KES processes the deny rule first. my-policy contains a deny rule that prevents any key API operation (key/*/) for all resources (i.e. keys) with a name prefix my-key-internal. If a client submits any type of API operation using a key with that prefix, KES prohibits it. For example, KES would reject any of the following under this policy:

  • /v1/key/create/my-key-internal
  • /v1/key/generate/my-key-internal
  • /v1/key/generate/my-key-internal2

If the request does not match any deny pattern, KES evaluates the request against the allow rules.

In case of the my-policy, KES allows requests under the policy to create a key named my-key. If the user tries to create a key named my-key2 or any other character combination, the request returns with the prohibited by policy error since no allow rule matches the request.

When the user requests to generate new data encryption keys (DEKs) or to decrypt encrypted (DEKs), the policy allows any key with a name prefix of my-key. KES allows either /v1/key/generate/my-key or /v1/key/generate/my-key2, but prohibits /v1/key/generate/key-to-generate1.

See Also

  • For more information about policies and more examples refer to: Policy Configuration
  • For a comprehensive overview over the KES server APIs refer to: Server API

Policy-Identity Relation

The policy-identity mapping is a one-to-many relation, meaning you may associate many identities to the same policy.
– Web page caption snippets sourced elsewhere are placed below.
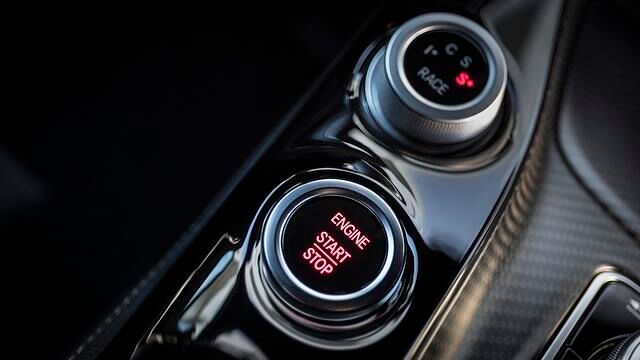 Auf Wunsch schaltet der AMG in den Race-Modus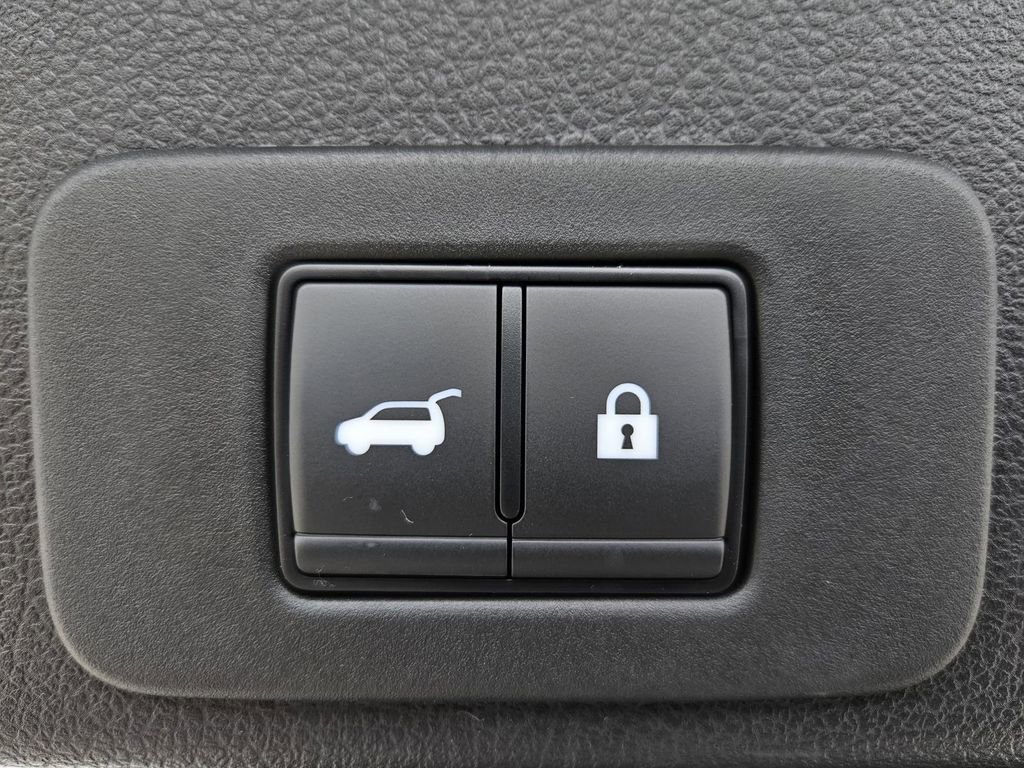 New 2025 Nissan Murano SV image 7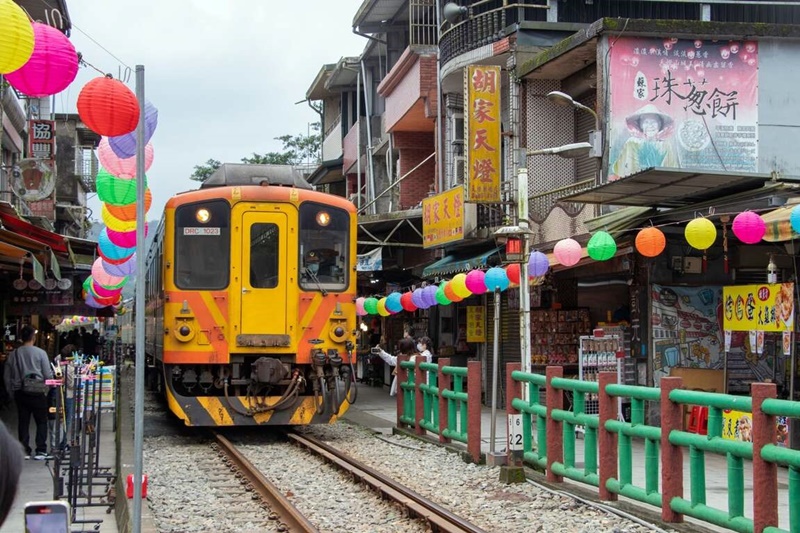 郵輪假期〈海洋贊禮號〉【香港來回】日本、台灣6天團  (露台房) Balcony Cabin (BA)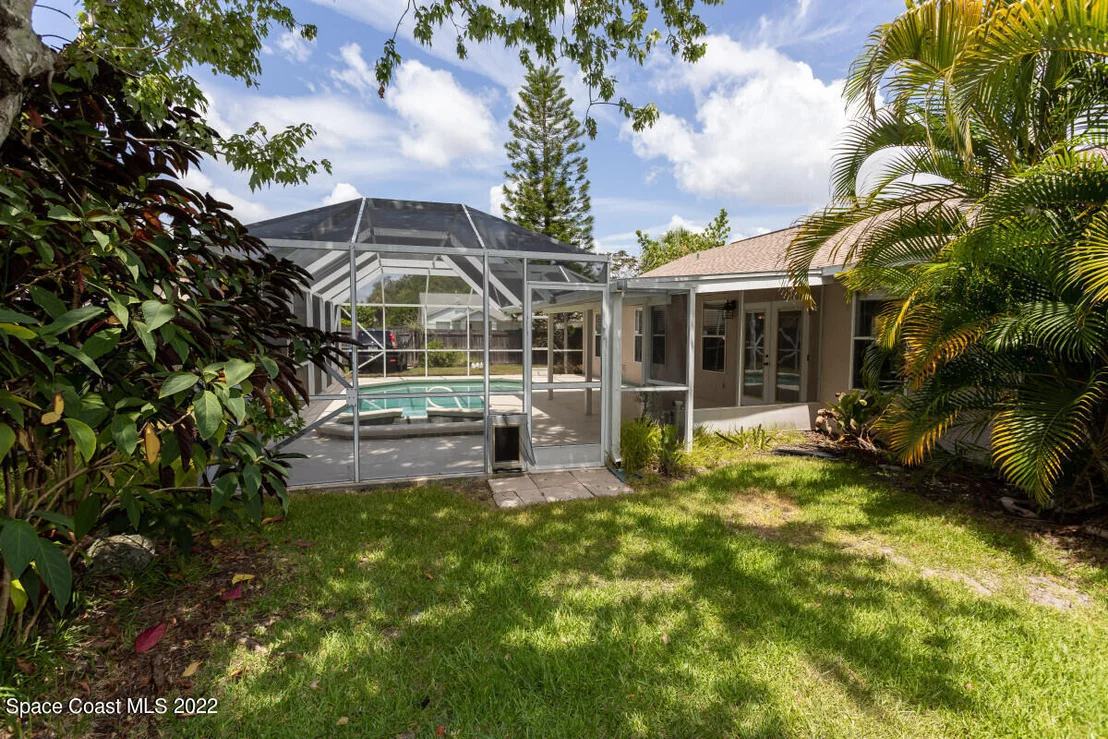 Photo of 2575 Bent Pine Street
However, you can only associate an identity to one policy at a time on a KES server.

Multiple KES servers can each have their own policy-identify relationship sets. For example, KES server Server1 may associate identity Ann to the policy Policy1 KES server Server2 can associate the same identity, Ann to a different policy, Policy2.
The two KES servers Server1 and Server2 have distinct and independent policy-identity relationships.

The root Identity

As previously described, the KES server computes the client identity from its certificate. This normally computes to a cryptographic SHA-256 value. However, when specifying the identity-policy mapping it is totally valid to associate an arbitrary identity value to a policy. The associated identity can be "_", "disabled", "foobar123" or any other value. This is in particular useful for dealing with the special root identity.

The KES server has a special root identity that you must specify. You specify the root identify either by the KES configuration file or the --root CLI option. In general, root acts like any other identity with the exception that it cannot be associated to a policy. Instead, root can perform arbitrary API operations.

The root identity is especially useful for initial provisioning and management tasks.

Centrally managed or automated deployments, such as Kubernetes, do not require the root identity, which serves only as a security risk. If an attacker gains access to the root identity’s private key and certificate, the attacker can perform arbitrary operations.

Even though a root identity must always be specified, you can effectively disable it. This can be done by specifying a root identity value that will never be an actual (SHA-256) hash value. For example --root=_ (underscore) or --root=disabled. Since KES does not ever compute a cryptographic identity to _ or disabled, it becomes impossible to perform an operation as root.

Even though root can perform arbitrary API operations, it cannot change the root identity itself. The root identity can only be specified or changed through the CLI or the configuration file. Therefore, an attacker cannot become the root identity by tricking the current root. The attacker either has to compromise the root identity’s private key or change the initial server configuration.